Kelowna, British Columbia, Canada, June 18, 2019: Prospera Inc. ("Prospera" or the "Corporation") (PEI:TSX-V; OF6A:FRA) has completed a non-brokered private placement (the "Private Placement") of 3,020,000 units of the Corporation ("Units") at a price of $0.05 per Unit for aggregate gross proceeds of $151,000. Each Unit consists of one common share of the Corporation (a "Common Share") and one half Common Share purchase warrant (a "Warrant"). The Warrants will not be listed. Each Warrant shall be exercisable for one half Common Share at a price of $0.075 per Common Share for a period to and including June 17, 2021. The proceeds of the private placement will be used for working capital and continuing capital programs including the 15% interest purchased on the Luseland, Hearts Hill and Cuthbert properties. A finders fee of $5,100 was paid to an arms length party.
All securities in the Private Placement will be subject to a four month hold period from closing.
One Director subscribed for 1,000,000 Units and one Officer of Prospera subscribed for 1,000,000 Units of the Private Placement.
After giving effect to the Private Placement, Prospera now has 56,952,278 Common Shares outstanding on a basic basis.
Prospera is a public oil and gas exploration, exploitation and development company focusing on conventional oil and gas reservoirs in Western Canada. Prospera develops, acquires and exploits oil and gas mineral rights for primary and secondary recovery.

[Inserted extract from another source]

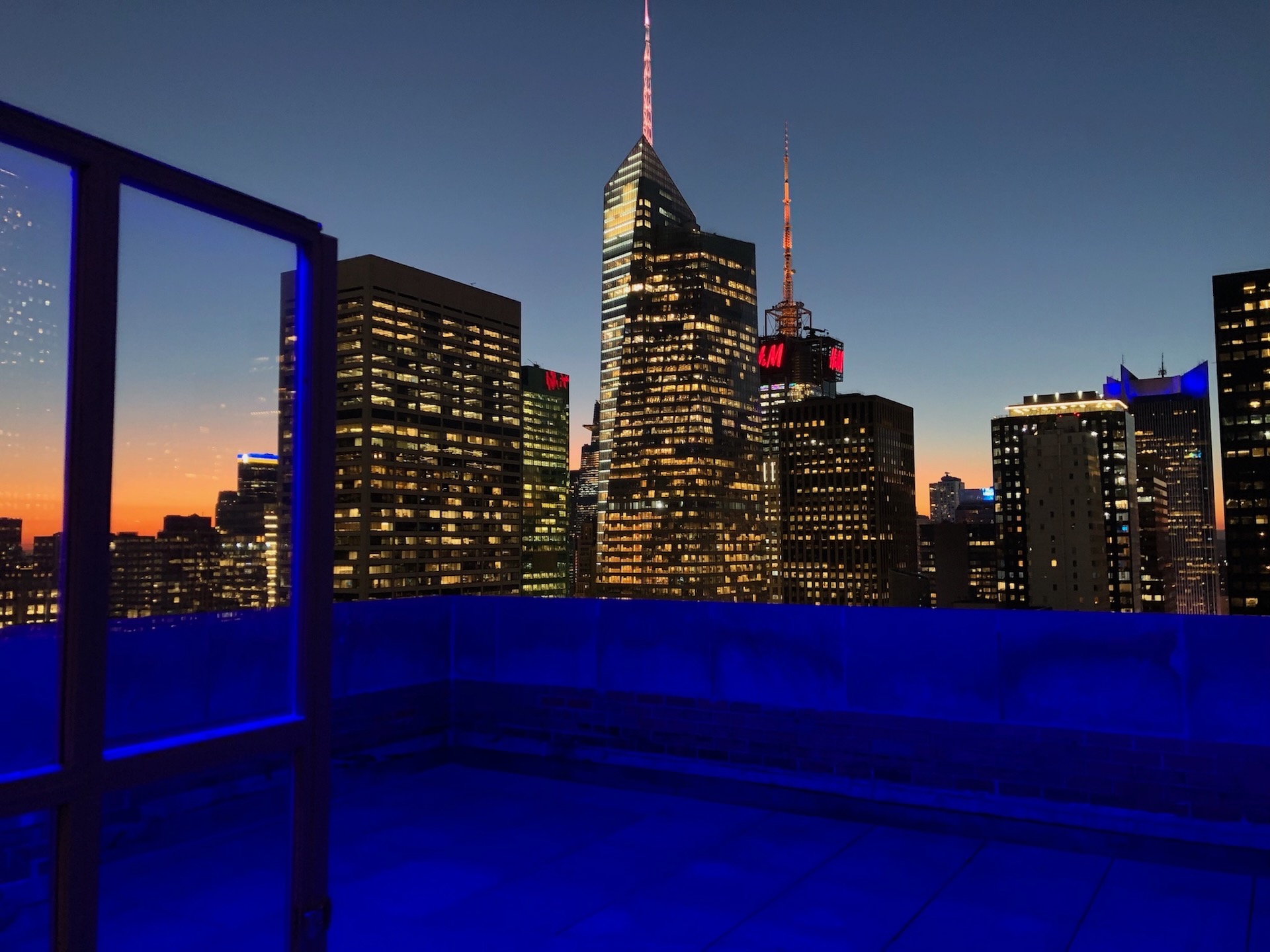 The terrace at blue hour, Midtown in full view.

This news release contains forward-looking statements relating to the future operations of the Corporation and other statements that are not historical facts. Forward-looking statements are often identified by terms such as "will", "may", "should", "anticipate", "expects" and similar expressions. All statements other than statements of historical fact, included in this release, including, without limitation, statements regarding future plans and objectives of the Corporation, are forward looking statements that involve risks and uncertainties. There can be no assurance that such statements will prove to be accurate and actual results and future events could differ materially from those anticipated in such statements. More particularly, this news release contains forward-looking statements concerning the use of proceeds from the Private Placement and the issuance of Common Shares to the Consultant.This news release does not constitute an offer to sell or a solicitation of an offer to buy any of the Units in the United States. The Units (or constituent securities) have not been and will not be registered under the United States Securities Act of 1933, as amended (the "U.S. Securities Act") or any state securities laws and may not be offered or sold within the United States or to U.S. Persons unless registered under the U.S. Securities Act and applicable state securities laws or an exemption from such registration is available. Neither the TSXV nor its Regulation Services Provider (as that term is defined in the policies of the TSXV) accepts responsibility for the adequacy or accuracy of this release.